Thursday, March 17, 2016 | 301 | 0 | min read

For the past decade or more, the dominant storyline in workers’ compensation has been the states reducing benefits, limiting the very definition of a compensable injury, and shifting much of the cost of workplace injuries to workers and the federal and state governments.

Bob Burke

Bob Burke

Then, on March 1, the Oklahoma Supreme Court released a 50-page unanimous opinion that may be the most important state Supreme Court workers’ compensation decision in many years. In Torres v. Seaboard Foods, the Court declared as unconstitutional one section of Oklahoma’s 2013 reform law that required 180 days of continuous employment for a cumulative trauma injury to be compensable. But the Supreme Court did much more than toss out one arbitrary limitation.

Torres stands for the principle that an injured worker’s federal and state due process rights are violated by a law that limits benefits UNLESS the legislation is rationally related to a legitimate government interest of preventing workers’ comp fraud or decreasing employers’ costs.

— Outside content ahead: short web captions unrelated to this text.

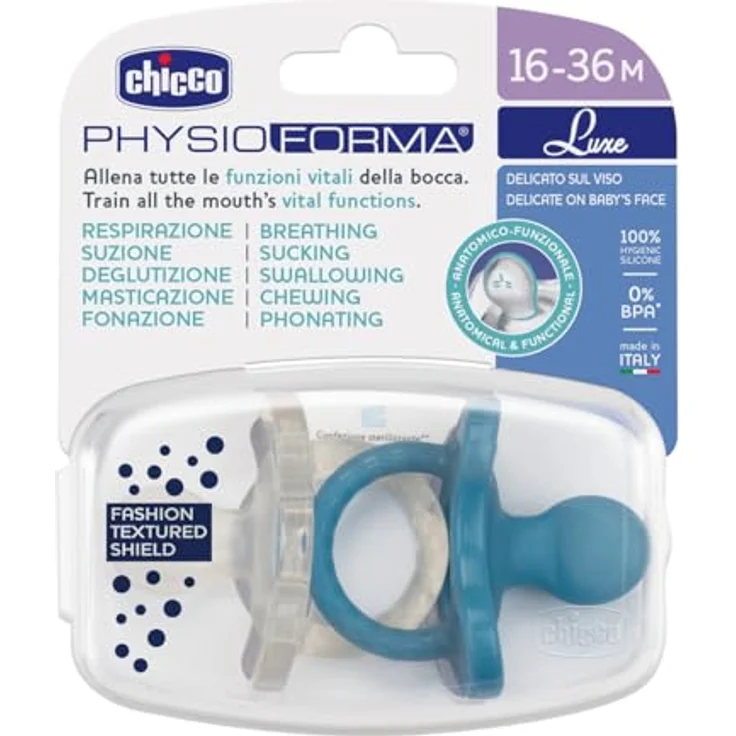 Chicco Physio Forma Luxe Schnuller, 2 Stück, fördert gesunde Zahnentwicklung, Grey/Mint, 16-36 Monate – Bild 5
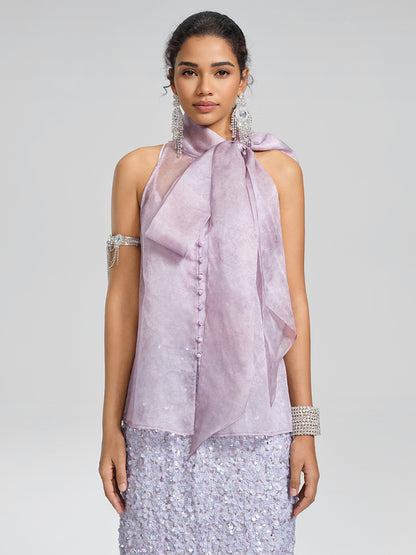 Mulberry Silk Tie-Neck Sleeveless Top (Camisole Included)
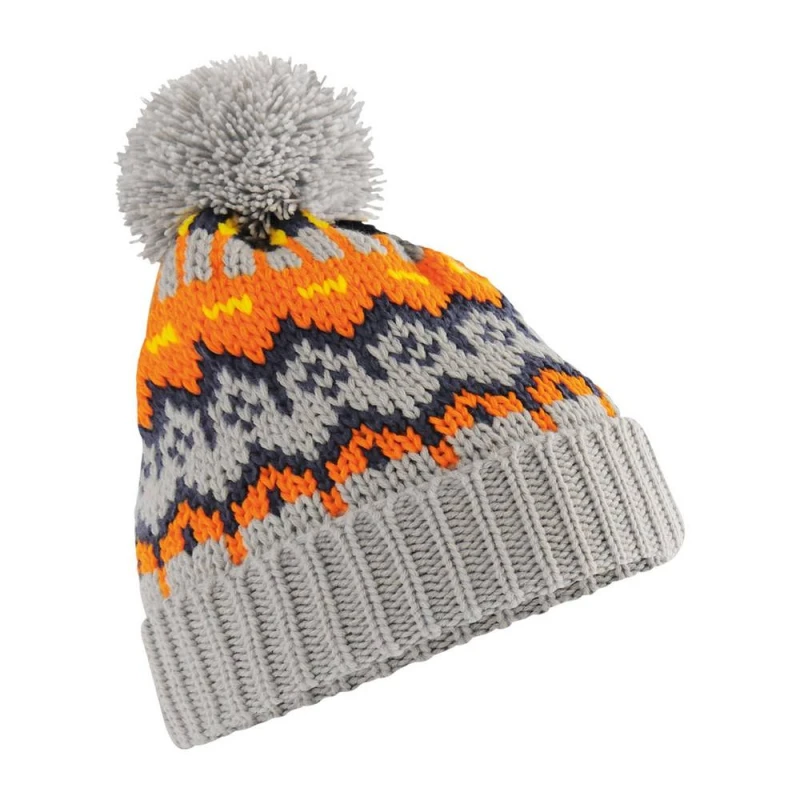Image of Beechfield Mens Retro Skiing Beanie in Light Grey Light Grey Male One Size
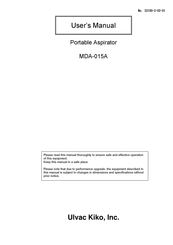 Ulvac MDA-015A User Manual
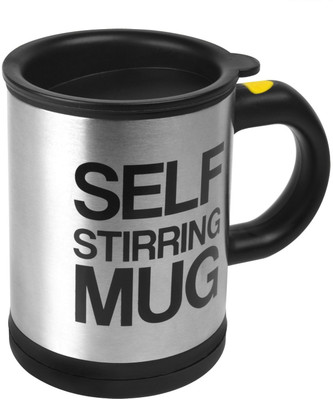 

Shopo Self Stirring Tea Coffee Stainless Steel Mug(250 ml), Black;silver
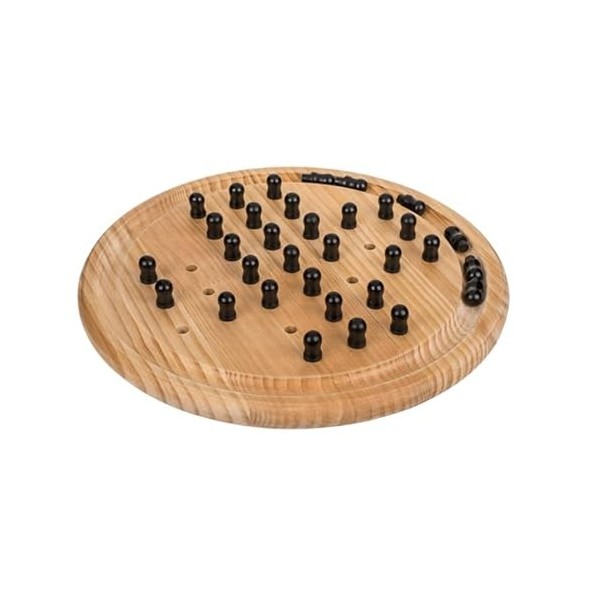 Solitaire Jeu de plateau en bois avec figurines en noir – Surface de jeu env. 28,5 cm en DM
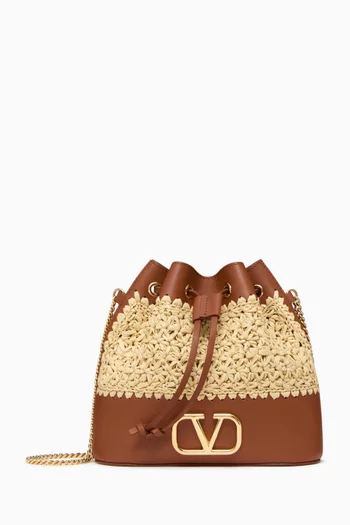 Valentino Garavani Mini Bucket Bag in Raffia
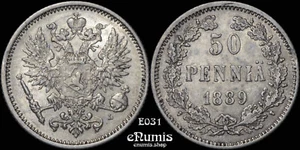 Russia, Finland, Alexander III, 50 Pennia 1889 L, XF+ - Picture 1 of 6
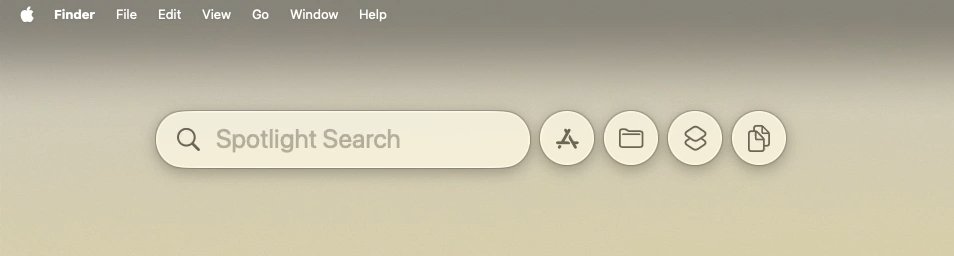 Screen showing a beige search bar labeled Spotlight Search, with icons for Finder, Applications, and other tools on a gradient background.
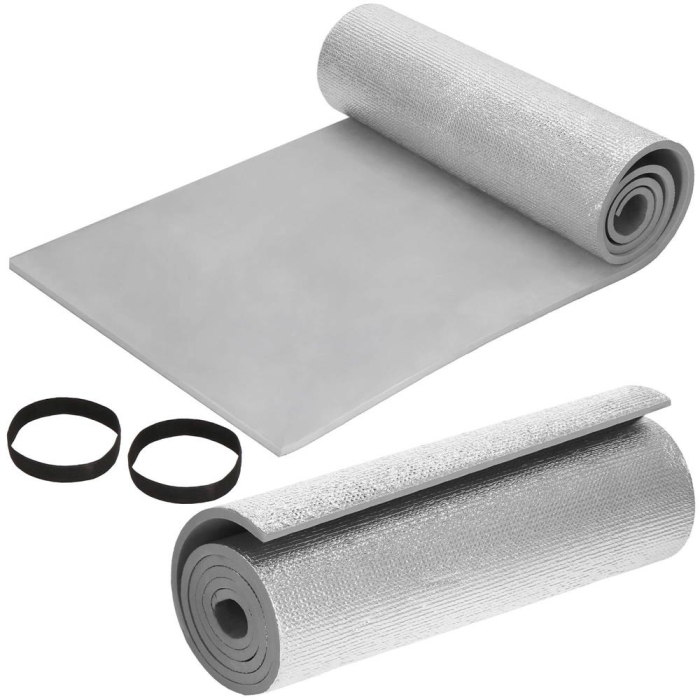 Saltea termoizolanta pentru camping sau plaja, 180x50 cm, spuma PE cu folie aluminiu, grosime 1 cm, gri [7]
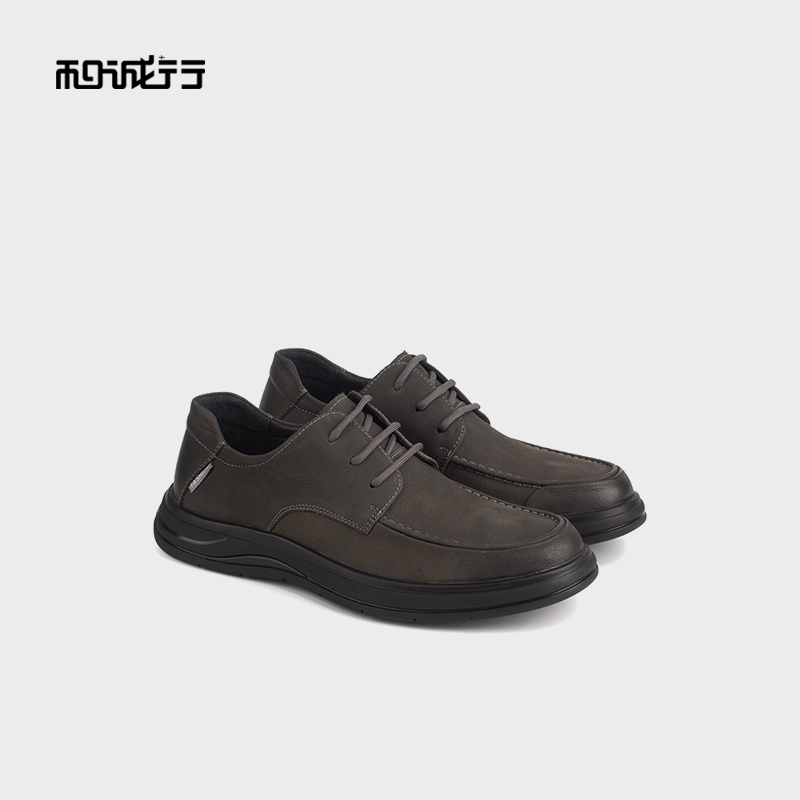 和诚行 2024秋冬新款舒适透气商务皮鞋男真皮系带休闲皮鞋0551155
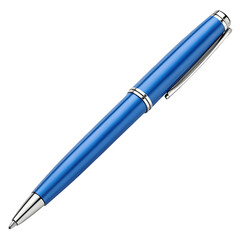 Elegant blue ballpoint pen with silver accents on black background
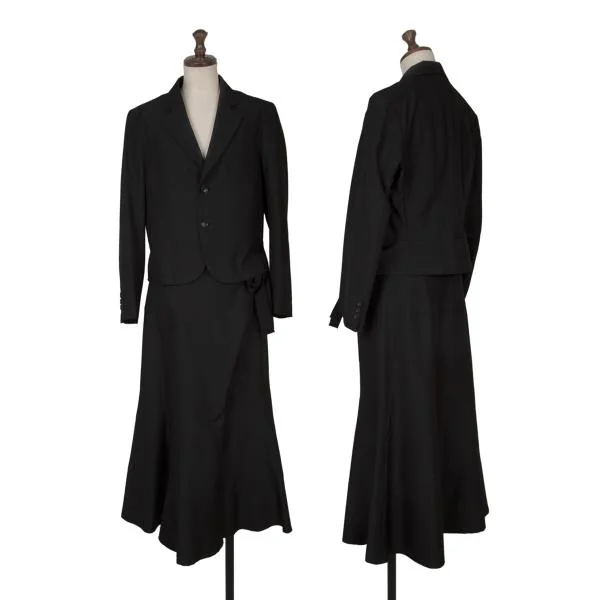 トリココムデギャルソンtricot COMME des GARCONS 混紡シルクハーフラップスカート 黒M K-125343_014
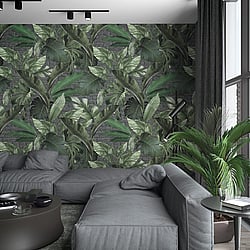 Galerie Wallcoverings Product Code: 34195 - Loft 2 Wallpaper Collection Galerie Wallcoverings Product Code 34195 - Loft 2 Wallpaper Collection - Green, Grey Colours - Tropical Brick Wall Panel Design
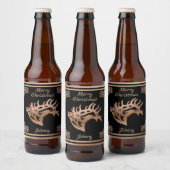 銅ブル威厳のあるエルクシルエット ビールラベル (ボトル)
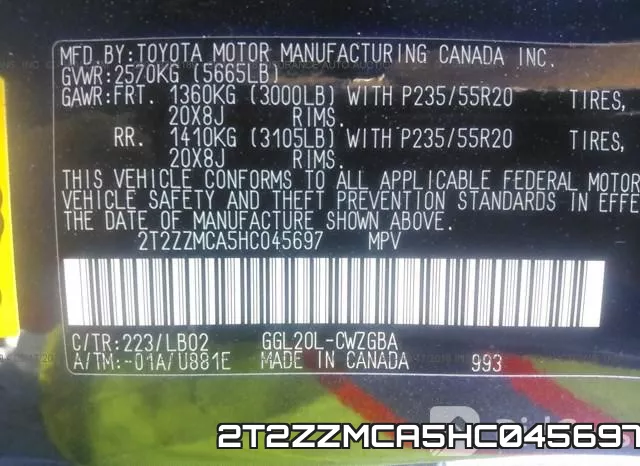2T2ZZMCA5HC045697 фото 10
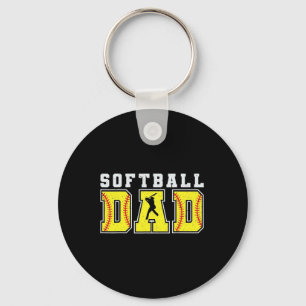 Funny Dad Life Softball Baseball Grandpa Father's  Key Ring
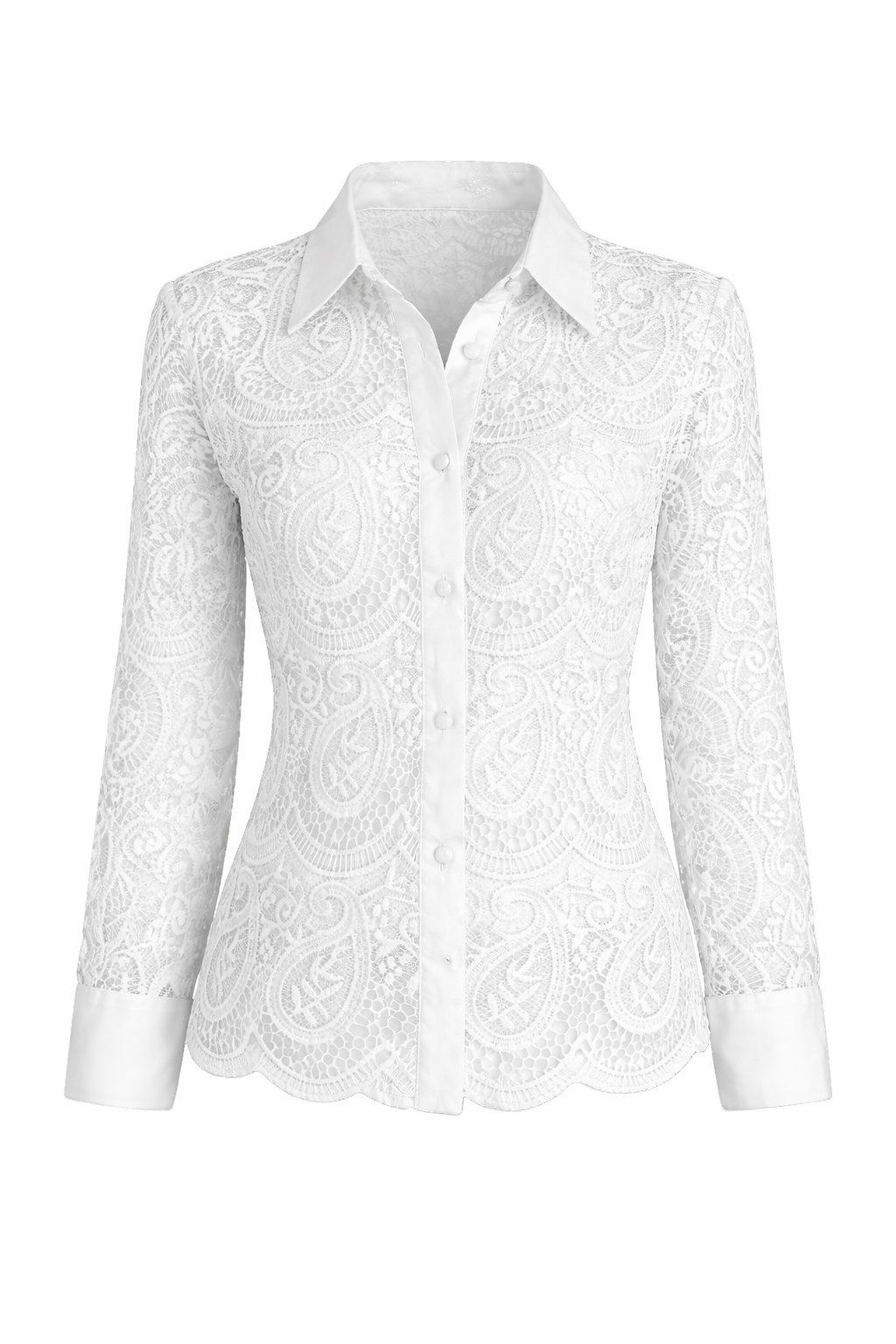 Hemdbluse Hemdbluse Damen Bluse Spitze Baumwolle – Stickerei, Größe S (36)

Torres holds that a court’s constitutional analysis must be based on what the legislation “actually” accomplishes, not by what the legislature says it accomplishes. The Supreme Court recognizes the legislature’s broad authority to regulate workers’ compensation, but that such police power must be exerted with scrupulous regard for private rights guaranteed by the Oklahoma Constitution. Justice James Edmondson wrote, “It is clear that a state’s legitimate interest in regulating business practices are not exempt from the requirements of substantive due process.”

By throwing out the 180-day cumulative trauma limitation on due process grounds, the Supreme Court reserved for another day the worker’s claim that the new Oklahoma law violates the Grand Bargain and denies an adequate remedy guaranteed by the state’s Constitution.

However, concurring opinions by three justices went further. In discussing the Grand Bargain, former Chief Justice Tom Colbert said, “With the passing of the Administrative Workers’ Compensation Act, the balance is now off-kilter and has become one-sided to the benefit of the employer.”

The 2013 Oklahoma law gives an employer immunity from tort liability even if an injury has been made non-compensable under workers’ comp. Vice Chief Justice Douglas Combs wrote, “By cutting off all recourse for an injured worker, excluding them from both workers’ compensation coverage and from filing a tort claim, the Legislature has violated the Grand Bargain and betrayed the fundamental principles of justice that gave rise to it in the first place.”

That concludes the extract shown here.